■ **How to complete this task**
Using the listing below, print exactly everything from the line with "NBA直播音乐：探索赛场魔力与观众情感的完美和谐" down to the line with "Der TSV Lonnerstadt wünscht frohe Ostern", both included, and nothing more.

%%

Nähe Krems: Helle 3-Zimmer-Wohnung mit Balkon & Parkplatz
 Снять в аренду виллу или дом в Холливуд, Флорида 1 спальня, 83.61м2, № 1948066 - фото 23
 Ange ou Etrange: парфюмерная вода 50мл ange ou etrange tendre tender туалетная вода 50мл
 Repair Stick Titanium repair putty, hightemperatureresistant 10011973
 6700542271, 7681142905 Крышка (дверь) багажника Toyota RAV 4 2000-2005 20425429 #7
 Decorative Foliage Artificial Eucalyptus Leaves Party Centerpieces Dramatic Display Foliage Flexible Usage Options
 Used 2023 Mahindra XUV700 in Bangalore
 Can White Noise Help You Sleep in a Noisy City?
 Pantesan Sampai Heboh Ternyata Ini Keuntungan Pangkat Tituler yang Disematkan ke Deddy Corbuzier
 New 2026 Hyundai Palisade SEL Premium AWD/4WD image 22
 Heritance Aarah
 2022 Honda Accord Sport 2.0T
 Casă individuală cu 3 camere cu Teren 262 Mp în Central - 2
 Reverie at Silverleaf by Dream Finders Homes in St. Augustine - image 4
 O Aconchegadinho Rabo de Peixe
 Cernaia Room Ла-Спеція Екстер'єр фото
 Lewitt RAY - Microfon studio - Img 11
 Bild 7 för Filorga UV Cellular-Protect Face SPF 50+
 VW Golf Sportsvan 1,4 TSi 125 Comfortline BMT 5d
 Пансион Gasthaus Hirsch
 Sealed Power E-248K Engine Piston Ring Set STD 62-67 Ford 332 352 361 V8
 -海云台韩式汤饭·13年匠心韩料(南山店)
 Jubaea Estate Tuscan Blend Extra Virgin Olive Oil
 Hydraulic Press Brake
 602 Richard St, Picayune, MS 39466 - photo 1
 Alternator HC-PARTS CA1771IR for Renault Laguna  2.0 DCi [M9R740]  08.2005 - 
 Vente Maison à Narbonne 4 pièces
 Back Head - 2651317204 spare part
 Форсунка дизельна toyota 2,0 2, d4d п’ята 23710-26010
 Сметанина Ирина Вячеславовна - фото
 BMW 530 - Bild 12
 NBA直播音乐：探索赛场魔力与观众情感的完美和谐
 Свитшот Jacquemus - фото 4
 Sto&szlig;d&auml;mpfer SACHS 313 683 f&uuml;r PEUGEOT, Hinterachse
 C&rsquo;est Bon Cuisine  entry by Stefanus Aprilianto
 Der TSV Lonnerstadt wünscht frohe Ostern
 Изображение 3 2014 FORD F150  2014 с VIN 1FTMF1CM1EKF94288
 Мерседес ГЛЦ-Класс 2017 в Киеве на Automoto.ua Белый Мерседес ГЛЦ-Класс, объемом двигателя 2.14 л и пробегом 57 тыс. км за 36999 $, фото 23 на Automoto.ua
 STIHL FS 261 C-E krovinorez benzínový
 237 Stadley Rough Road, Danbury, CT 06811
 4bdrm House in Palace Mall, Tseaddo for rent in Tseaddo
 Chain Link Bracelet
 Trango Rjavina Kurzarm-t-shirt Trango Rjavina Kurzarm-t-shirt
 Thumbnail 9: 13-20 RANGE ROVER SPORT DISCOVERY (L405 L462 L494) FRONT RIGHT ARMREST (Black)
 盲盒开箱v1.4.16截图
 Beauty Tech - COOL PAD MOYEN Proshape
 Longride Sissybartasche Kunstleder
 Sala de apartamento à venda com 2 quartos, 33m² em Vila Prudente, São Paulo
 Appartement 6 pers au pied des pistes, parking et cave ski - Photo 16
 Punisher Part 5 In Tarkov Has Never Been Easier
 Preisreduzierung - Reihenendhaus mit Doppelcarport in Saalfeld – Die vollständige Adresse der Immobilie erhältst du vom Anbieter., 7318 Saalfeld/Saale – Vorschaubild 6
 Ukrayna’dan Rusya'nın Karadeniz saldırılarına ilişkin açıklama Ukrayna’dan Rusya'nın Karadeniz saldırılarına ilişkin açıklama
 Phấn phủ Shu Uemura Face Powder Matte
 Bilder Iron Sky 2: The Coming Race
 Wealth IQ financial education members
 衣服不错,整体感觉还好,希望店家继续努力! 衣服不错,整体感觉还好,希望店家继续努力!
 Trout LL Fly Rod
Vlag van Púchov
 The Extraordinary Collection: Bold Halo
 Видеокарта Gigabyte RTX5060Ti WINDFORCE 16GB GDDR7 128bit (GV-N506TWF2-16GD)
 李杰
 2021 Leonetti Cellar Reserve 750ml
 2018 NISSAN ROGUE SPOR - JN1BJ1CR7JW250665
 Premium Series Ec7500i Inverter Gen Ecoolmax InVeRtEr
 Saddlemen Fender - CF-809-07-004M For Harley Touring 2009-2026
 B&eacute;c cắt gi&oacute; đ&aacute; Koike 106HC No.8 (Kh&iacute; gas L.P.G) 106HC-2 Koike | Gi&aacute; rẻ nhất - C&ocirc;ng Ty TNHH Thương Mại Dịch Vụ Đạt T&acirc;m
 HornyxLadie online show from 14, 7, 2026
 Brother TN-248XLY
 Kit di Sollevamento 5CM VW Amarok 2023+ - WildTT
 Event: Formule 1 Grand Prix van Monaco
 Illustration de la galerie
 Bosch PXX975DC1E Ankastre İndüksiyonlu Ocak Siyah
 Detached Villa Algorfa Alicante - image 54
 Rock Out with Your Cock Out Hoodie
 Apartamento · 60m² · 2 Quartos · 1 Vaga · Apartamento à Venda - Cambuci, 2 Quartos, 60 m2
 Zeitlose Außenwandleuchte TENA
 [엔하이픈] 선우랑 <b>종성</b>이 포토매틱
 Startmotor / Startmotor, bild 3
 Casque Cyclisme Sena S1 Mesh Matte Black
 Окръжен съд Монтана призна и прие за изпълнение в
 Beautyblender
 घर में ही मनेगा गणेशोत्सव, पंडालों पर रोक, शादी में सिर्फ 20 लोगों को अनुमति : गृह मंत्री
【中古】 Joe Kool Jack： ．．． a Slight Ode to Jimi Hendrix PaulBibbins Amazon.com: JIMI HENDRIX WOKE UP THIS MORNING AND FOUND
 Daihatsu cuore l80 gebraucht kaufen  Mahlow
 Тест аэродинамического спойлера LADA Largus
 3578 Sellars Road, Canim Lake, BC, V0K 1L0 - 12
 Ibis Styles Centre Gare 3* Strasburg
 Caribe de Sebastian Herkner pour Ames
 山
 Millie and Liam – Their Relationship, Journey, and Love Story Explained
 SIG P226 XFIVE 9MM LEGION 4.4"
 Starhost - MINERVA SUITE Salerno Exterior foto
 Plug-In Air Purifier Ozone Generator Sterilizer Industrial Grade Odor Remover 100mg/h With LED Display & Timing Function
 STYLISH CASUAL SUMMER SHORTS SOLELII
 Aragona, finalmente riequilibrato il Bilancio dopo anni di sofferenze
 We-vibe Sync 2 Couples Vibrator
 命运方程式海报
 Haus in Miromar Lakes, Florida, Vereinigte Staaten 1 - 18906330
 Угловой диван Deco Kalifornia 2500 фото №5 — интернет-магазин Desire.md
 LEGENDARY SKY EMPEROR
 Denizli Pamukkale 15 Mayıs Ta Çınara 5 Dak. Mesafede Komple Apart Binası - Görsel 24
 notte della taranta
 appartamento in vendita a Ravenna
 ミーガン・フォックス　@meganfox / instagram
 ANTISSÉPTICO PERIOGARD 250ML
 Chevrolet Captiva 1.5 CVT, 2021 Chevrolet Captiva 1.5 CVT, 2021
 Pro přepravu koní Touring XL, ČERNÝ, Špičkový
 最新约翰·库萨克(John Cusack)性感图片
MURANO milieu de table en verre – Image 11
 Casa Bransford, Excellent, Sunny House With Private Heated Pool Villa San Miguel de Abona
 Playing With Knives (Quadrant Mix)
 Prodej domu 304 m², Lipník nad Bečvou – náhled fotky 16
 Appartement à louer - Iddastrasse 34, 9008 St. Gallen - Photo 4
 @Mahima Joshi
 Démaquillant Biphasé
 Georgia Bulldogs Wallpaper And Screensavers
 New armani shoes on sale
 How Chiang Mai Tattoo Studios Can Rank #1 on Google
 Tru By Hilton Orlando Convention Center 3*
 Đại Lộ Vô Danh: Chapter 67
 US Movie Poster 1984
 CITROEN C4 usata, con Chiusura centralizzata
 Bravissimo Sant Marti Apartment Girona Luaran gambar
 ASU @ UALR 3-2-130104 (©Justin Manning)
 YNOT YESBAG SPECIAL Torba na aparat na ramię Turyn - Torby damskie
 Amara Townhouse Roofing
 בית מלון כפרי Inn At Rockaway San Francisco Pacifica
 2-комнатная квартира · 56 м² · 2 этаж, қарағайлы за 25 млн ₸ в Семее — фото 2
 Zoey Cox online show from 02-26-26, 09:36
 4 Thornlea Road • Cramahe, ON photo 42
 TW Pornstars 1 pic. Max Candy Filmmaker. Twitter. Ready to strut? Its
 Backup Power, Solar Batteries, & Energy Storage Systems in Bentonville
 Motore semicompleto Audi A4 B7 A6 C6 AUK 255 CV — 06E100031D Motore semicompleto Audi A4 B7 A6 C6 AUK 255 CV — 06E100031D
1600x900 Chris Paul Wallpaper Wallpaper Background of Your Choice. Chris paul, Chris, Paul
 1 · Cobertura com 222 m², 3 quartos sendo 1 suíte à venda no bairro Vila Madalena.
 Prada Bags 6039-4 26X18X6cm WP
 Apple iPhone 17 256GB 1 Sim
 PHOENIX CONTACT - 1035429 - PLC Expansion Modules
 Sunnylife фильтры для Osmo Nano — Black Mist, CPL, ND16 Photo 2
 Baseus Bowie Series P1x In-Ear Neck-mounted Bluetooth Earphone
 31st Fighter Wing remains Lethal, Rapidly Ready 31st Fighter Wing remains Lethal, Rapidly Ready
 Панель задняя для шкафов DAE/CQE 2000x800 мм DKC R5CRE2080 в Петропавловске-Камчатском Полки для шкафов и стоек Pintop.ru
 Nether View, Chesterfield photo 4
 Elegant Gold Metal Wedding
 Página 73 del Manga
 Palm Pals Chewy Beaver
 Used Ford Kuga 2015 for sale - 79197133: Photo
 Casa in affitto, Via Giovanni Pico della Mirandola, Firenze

%%

■ **Result of the task**
 NBA直播音乐：探索赛场魔力与观众情感的完美和谐
 Свитшот Jacquemus - фото 4
 Sto&szlig;d&auml;mpfer SACHS 313 683 f&uuml;r PEUGEOT, Hinterachse
 C&rsquo;est Bon Cuisine  entry by Stefanus Aprilianto
 Der TSV Lonnerstadt wünscht frohe Ostern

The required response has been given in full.